Like a restaurant owner, insurance companies set prices based on their best guess of who will buy their product. If a company gets a lot of sick customers who go to the doctor often and require expensive services, its costs will balloon. If the company attracts a lot of healthy customers who rarely require care, costs will shrink. Such a health care plan is like a buffet frequented by dieters. Economists use the word “adverse” because, in general, hungry people tend to be more enthusiastic about buffets.
Insurance companies used to get around these problems by excluding patients with serious illnesses — or by charging those patients much higher prices. Those strategies made health insurance resemble an à la carte restaurant: Customers who wanted a porterhouse steak and a bottle of Bordeaux could buy them while providing the owner with a rich profit.
But Obamacare banned such practices. Insurance companies now must charge all customers of the same age the same price for insurance, regardless of whether they are healthy or sick. And that means that the companies must engage in more guesswork and cope with more risk.
These problems were anticipated, at least to a certain extent, and the Affordable Care Act contains features that were intended to mitigate them.

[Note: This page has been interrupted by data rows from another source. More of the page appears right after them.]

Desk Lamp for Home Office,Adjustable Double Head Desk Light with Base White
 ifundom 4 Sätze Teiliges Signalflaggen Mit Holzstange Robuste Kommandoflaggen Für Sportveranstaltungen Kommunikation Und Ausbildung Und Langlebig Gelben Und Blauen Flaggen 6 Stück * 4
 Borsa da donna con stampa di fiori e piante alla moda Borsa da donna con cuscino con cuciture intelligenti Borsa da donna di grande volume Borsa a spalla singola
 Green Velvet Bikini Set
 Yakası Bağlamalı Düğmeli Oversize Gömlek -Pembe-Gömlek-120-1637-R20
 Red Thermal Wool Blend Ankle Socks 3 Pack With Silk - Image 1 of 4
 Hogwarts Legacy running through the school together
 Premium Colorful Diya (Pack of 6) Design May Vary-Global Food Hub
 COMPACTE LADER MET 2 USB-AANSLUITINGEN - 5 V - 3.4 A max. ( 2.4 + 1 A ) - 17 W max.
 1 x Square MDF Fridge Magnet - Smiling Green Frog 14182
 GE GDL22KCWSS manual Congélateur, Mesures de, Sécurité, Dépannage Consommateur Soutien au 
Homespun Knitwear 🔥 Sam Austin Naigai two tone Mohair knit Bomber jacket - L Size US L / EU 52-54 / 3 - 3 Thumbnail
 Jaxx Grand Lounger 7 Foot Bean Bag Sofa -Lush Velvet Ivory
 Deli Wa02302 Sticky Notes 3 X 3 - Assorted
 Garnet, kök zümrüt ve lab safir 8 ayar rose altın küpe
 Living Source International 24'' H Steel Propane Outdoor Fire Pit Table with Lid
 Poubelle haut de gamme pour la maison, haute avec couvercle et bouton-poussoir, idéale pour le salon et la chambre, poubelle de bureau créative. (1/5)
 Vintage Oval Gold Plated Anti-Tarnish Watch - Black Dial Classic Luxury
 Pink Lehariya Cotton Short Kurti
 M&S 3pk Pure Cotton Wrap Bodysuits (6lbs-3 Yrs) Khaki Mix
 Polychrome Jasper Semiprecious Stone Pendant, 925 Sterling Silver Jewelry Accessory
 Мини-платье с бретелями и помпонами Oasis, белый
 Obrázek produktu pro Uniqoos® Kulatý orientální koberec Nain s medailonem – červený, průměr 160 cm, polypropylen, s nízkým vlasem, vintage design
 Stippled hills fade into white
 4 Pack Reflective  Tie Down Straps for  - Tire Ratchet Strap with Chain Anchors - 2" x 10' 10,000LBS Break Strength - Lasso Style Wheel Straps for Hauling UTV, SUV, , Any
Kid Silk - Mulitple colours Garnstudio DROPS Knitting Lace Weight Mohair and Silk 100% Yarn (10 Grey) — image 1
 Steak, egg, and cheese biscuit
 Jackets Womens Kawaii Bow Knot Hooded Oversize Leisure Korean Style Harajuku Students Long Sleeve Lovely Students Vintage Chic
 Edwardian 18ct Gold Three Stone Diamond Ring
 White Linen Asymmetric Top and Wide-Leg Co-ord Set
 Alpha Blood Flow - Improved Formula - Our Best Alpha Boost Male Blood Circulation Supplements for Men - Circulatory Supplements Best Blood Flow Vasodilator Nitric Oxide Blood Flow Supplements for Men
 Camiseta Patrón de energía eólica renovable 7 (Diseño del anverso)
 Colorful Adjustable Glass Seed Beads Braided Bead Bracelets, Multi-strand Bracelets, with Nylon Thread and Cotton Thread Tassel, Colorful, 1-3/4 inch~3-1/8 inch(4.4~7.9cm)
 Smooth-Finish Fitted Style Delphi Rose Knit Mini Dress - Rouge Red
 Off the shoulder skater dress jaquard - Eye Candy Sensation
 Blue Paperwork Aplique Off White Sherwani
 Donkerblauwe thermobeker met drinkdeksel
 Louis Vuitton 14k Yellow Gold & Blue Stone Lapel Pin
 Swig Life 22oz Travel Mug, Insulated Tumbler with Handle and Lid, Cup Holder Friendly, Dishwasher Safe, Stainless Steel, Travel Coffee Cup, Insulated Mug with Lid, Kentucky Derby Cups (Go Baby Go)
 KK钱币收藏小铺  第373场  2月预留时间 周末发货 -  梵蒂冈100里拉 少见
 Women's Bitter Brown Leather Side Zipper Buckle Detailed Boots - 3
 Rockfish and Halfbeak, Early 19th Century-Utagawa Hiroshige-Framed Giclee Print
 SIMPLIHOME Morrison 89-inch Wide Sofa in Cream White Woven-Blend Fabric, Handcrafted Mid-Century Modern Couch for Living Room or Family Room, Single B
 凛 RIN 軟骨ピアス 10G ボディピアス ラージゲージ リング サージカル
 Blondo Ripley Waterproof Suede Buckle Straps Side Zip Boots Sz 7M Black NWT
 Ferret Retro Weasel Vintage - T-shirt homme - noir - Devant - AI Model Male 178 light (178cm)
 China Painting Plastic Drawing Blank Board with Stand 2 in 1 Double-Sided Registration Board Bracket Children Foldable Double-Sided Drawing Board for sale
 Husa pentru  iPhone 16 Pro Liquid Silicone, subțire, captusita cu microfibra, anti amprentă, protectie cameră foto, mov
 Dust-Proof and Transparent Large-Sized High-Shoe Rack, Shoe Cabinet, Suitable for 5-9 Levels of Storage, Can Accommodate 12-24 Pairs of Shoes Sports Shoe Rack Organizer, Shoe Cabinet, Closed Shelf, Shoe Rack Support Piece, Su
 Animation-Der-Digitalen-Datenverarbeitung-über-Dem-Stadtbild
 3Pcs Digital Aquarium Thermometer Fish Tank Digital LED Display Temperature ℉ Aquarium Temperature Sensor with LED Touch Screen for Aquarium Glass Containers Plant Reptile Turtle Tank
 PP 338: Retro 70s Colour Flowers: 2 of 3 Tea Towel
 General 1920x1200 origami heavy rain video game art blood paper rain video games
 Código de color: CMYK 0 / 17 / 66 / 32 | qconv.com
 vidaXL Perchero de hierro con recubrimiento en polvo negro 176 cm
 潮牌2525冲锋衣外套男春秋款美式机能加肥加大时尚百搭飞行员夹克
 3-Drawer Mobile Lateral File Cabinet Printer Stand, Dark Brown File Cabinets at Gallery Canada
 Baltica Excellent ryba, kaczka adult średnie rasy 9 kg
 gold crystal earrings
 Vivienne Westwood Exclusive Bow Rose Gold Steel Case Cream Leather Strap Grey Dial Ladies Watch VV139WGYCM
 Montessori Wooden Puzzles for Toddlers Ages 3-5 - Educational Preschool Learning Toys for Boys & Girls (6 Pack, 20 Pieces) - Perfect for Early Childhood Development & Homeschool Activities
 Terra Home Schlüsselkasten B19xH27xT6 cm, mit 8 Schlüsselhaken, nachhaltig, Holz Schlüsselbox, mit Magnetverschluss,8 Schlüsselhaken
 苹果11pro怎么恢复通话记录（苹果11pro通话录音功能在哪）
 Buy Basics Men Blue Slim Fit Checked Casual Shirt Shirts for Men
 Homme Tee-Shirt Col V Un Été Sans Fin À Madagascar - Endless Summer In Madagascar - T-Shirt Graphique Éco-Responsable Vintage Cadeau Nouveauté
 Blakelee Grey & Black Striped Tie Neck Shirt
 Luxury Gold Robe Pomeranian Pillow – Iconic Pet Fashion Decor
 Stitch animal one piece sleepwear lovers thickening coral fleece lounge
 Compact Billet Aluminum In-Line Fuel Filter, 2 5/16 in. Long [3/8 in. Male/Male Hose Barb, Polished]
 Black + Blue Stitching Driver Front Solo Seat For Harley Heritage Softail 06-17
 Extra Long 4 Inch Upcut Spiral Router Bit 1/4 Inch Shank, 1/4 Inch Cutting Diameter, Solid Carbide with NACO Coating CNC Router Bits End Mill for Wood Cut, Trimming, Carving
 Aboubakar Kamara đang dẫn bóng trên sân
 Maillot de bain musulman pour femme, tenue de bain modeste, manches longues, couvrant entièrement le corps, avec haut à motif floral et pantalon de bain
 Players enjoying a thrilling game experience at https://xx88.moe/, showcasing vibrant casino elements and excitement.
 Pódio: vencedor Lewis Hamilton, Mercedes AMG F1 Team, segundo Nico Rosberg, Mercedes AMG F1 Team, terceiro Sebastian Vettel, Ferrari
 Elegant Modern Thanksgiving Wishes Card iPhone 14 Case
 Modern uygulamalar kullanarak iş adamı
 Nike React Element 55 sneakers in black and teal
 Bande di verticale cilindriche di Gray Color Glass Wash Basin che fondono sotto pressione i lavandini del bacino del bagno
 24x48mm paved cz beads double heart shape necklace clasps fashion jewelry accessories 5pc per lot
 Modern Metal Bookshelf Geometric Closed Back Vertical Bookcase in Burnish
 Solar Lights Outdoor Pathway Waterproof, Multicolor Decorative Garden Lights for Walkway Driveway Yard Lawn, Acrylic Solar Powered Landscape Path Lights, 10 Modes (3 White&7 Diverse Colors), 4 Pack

That is why Obamacare offers subsidies meant to make insurance less expensive for people on tight budgets, encouraging healthy people to buy insurance. The law says most people can buy only during a set time period, discouraging people from waiting to buy insurance until they are sick and absolutely need health care. It also contains the notorious “individual mandate,” which imposes a fee on those who can afford to buy insurance but fail to do so.
Those policies probably helped encourage healthy people to buy insurance, but many experts are now saying the incentives weren’t strong enough. Many insurance companies lost money, because they set their prices hoping for a lot of dieters and ended up with the football team. That is why we have been seeing headlines about prices going up. If the average Obamacare customer costs more than the companies anticipated, they won’t make the money they expected without charging more for insurance.
In addition, another kind of adverse selection problem may be plaguing the Obamacare marketplaces, and it is harder to fix. The companies say it is not just that consumers were generally sicker than expected, but also that insurance companies offering access to a wider variety of doctors and hospitals ended up with costlier patients. In other words, insurers with national brand names like Aetna and UnitedHealthcare appeared to be losing more money than lesser-known companies with a history of covering patients on Medicaid.
The restaurant analogy is useful here, too. Imagine two all-you-can-eat buffets. One offers iceberg lettuce, chicken wings and macaroni. Its competitor offers the usual fare, plus lobster, and it charges a bit more. Guess which buffet will attract lobster lovers?
Executives from Aetna and UnitedHealthcare charged more for their insurance products than competitors that excluded high-end specialists and hospitals. They may have attracted customers who preferred expensive institutions and doctors and planned to use them.
That sort of problem can get worse over time. As the companies increase prices to compensate for having sicker patients, fewer healthy people will buy the insurance.
There are policy levers to address this problem, too. Provisions in the law require insurance plans with healthier patients to pay competitors with sicker patients a fee, but getting the formula right is difficult. Currently, insurers on both sides are complaining. Plans with healthier patients say their competitors are just better at making patients look sick. And plans with sicker patients say the payments are too low and unpredictable to make a difference.
In the meantime, insurers are reacting in two ways that diverge from what the law’s authors hoped.
Some are giving up on the new Obamacare markets, deciding that they like the à la carte business better. Those that remain are increasingly clearing their menus of anything that looks like a luxury item. Obamacare was intended to offer a variety of insurance plans with different features, catering to different kinds of people with different needs. The remaining plans may be adequate for basic health care. But their offerings look more and more the same.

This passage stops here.